Gira has been interviewed quite a few times since he brought Swans back to life (I chatted to him in 2014), but English author Nick Soulsby is the only person to follow it up in such an extreme fashion. After interviewing Gira in 2016 he embarked on a mission to tell the story of Swans through everyone involved in the story – from Gira himself, to all 30+ former co-Swans and artists such as Thurston Moore, Devandra Banhart and Lydia Lunch, family members, partners, producers, tour managers and anyone else in Swans’ inner and outer circle.
Sacrifice and Transcendence is an oral history that has eventually featured interviews with 125 people, an unflinching exploration into one of the most influential and revered names in underground music.
I caught up with Nick recently to ask about his inspiration behind the project and the imprint Swans has left on the many people who feature in the story. Maybe he’s still running on gratitude for all of those who gave up their time to help him with the book, as he was extremely generous with his time for this interview and offering up even more insight – after I read the book, reread many passages, and wanted a deeper dive…
In the intro to the book you say you were surprised no one else had written a book about Swans. Why do you think it hadn’t been tackled before?
I think a book on Swans would have been very hard to construct back in ’97 when the first iteration ended. Without the internet, only someone really close to the band would have been able to get the access required to start something. Also there were so many bruised feelings at that point, which were so close to the surface that I suspect a lot of people wouldn’t have been comfortable speaking about their time in the band – maybe it took 20 years to gain peace.
There’s also the reality that during Swans’ original run they were an acquired taste to say the least, also the US underground of the 80s and 90s was barely 15 years old and not really being documented much at that point. I definitely think the past decade of very significant respect, the fact that Swans is one of those bands that did have an enduring legacy and legend, it’s made a difference. I definitely don’t think it’s a coincidence that Marco Porsia has been working on the film about Swans, Where Does A Body Begin? over these past few years.
What’s your personal history with Swans, had you been a longtime fan or admirer?
In my teenage years I had a remarkable knack of discovering bands who meant a lot to me immediately before, or moments after, they fell apart. I’d become a fanatical Sonic Youth fan around 1995-1996 and digging through inlay cards and the like, the name Swans was on my radar – but I had no idea who they were.

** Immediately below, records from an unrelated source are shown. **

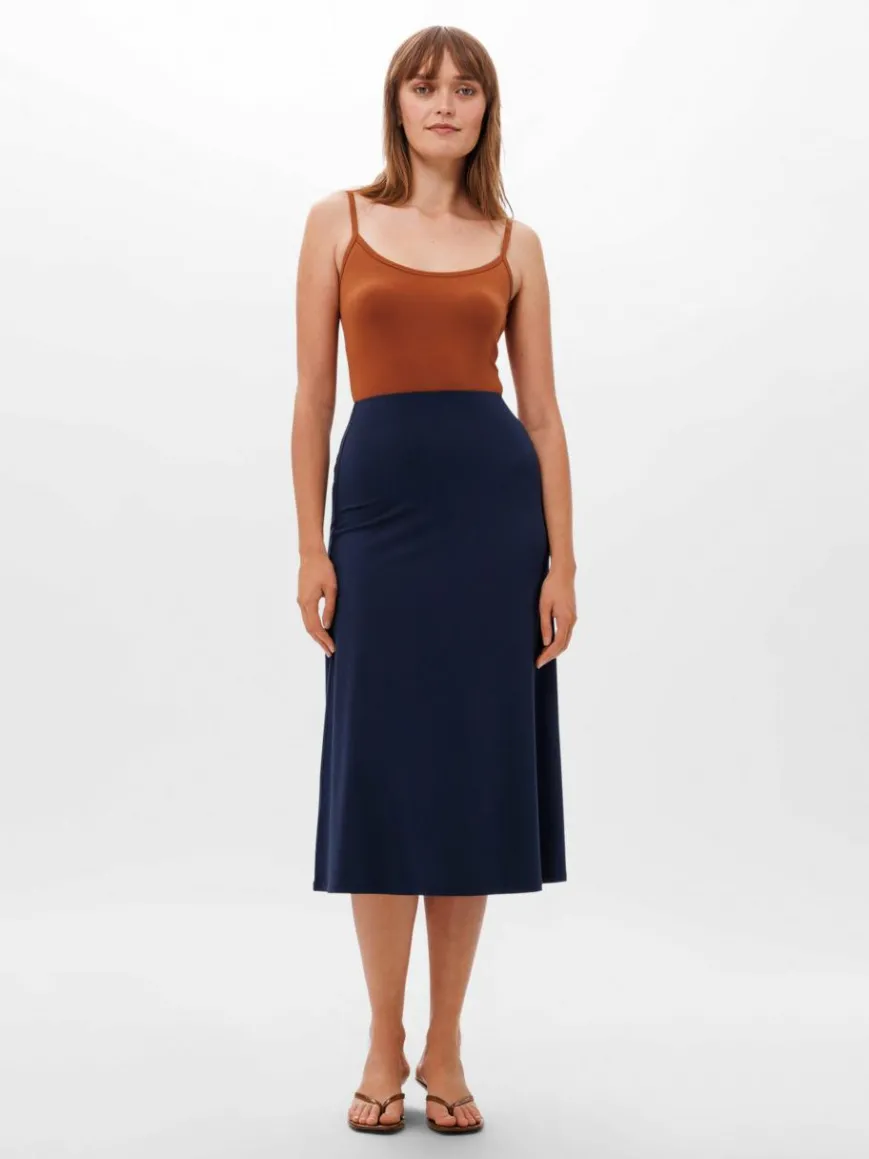 Les Lunes Röcke*Damen Midirock blau uni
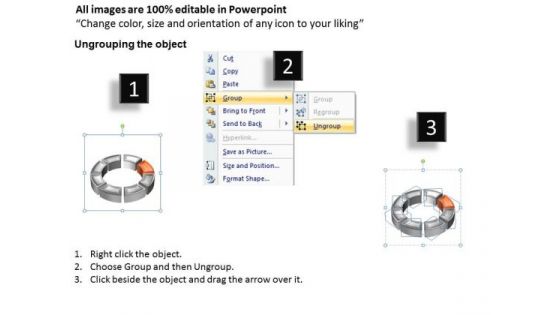 Ppt Orange Animated Text Box Cycle Spider Diagram PowerPoint Template Templates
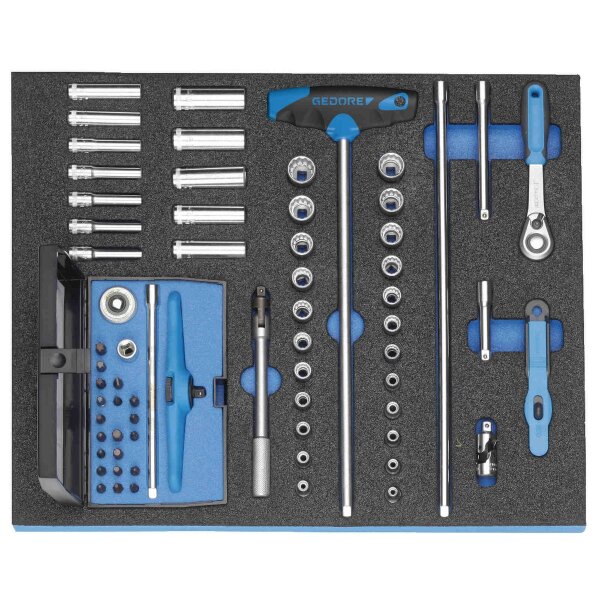 Steckschlüssel-Sortiment 1/4 in Check-Tool-Modul 67-teilig GEDORE 2005 CT2-D 20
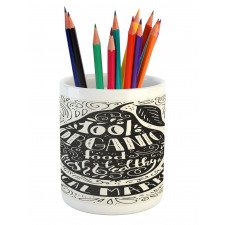 Retro Organic Food Graphic Pencil Pen Holder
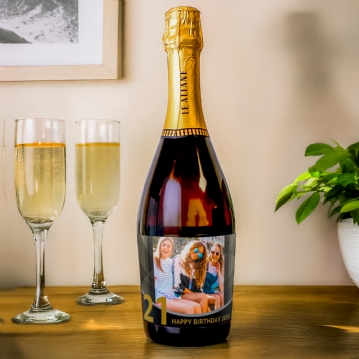 Personalised Photo Upload 21st Birthday Prosecco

Part of it is that name, ‘SWANS’ is a wonderful name for a band, there’s something about the way the word sounds, that it’s both brief and punchy, while also having a smoothness and an elegance to it. So, I guess it’s been two decades now, I’m surprised in a way that a chunk of my 30s should be taken up living inside of music I’ve loved so long — it’s been a happy experience.
Why and when did you decide to pursue the project?
I interviewed Michael Gira for Clash Magazine back in 2016, then again for the Thurston Moore book I worked on after that. After those two encounters I knew this was someone I was comfortable conversing with… I found him exceedingly good company over the phone.
The starting point for me is always to make a giant spreadsheet of all the people who I could speak to, check that there’s a depth and breadth of sources and interviewees. Once I had the spreadsheet and had wrapped my arms around the scale of the project, it was time to write to Gira and ask if he would be open to cooperating if I went ahead with this.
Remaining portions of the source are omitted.